[Excerpts from a dataset]
-------

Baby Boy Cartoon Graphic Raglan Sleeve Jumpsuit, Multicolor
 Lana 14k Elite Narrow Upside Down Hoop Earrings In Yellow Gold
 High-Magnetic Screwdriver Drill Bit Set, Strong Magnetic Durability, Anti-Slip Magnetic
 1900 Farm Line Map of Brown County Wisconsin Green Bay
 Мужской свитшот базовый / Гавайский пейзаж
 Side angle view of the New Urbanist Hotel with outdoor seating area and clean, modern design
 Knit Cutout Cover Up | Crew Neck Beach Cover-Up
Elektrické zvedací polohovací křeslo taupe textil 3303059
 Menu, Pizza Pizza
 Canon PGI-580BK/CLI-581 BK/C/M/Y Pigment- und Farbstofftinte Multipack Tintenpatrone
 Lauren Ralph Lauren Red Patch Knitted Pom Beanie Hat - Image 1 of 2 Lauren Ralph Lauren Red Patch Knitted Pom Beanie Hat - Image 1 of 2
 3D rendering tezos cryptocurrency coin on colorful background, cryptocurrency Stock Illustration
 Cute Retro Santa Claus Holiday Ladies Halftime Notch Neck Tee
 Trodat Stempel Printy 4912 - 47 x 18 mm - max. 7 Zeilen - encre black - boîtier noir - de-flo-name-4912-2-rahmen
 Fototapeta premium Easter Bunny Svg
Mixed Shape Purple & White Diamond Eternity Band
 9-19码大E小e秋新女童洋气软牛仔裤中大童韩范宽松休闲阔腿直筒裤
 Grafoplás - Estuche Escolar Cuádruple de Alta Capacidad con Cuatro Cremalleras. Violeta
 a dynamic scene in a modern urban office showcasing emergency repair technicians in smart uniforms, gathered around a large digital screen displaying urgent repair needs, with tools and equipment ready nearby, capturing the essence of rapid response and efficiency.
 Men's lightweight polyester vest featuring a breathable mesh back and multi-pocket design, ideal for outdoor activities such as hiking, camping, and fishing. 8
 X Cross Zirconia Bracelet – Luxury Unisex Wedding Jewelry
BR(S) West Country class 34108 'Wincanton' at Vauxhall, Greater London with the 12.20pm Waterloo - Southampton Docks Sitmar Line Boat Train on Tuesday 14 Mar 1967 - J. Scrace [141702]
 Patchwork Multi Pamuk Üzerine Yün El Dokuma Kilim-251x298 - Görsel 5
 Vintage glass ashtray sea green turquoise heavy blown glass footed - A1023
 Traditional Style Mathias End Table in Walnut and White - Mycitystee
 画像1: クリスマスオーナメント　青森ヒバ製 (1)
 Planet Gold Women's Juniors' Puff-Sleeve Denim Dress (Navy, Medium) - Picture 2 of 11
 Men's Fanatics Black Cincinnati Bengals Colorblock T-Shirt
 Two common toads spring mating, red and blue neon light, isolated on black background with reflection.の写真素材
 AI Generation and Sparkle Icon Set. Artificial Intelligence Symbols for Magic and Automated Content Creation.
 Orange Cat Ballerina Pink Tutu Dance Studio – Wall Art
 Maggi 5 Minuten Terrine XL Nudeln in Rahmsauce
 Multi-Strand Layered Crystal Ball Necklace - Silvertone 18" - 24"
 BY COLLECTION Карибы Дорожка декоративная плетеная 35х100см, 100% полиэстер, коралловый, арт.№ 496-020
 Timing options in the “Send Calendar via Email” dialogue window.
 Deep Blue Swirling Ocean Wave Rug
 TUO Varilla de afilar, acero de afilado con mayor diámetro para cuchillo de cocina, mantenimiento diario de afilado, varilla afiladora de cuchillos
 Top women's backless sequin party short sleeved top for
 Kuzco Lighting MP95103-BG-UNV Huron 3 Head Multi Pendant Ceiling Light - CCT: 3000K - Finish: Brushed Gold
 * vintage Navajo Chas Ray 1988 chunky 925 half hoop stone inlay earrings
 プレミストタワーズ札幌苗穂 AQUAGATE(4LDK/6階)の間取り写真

-------

Work to complete:
Write out word for word only the lines from the start of the entries down to the line with "Мужской свитшот базовый / Гавайский пейзаж", please, including both ends.

Exercise response:
Baby Boy Cartoon Graphic Raglan Sleeve Jumpsuit, Multicolor
 Lana 14k Elite Narrow Upside Down Hoop Earrings In Yellow Gold
 High-Magnetic Screwdriver Drill Bit Set, Strong Magnetic Durability, Anti-Slip Magnetic
 1900 Farm Line Map of Brown County Wisconsin Green Bay
 Мужской свитшот базовый / Гавайский пейзаж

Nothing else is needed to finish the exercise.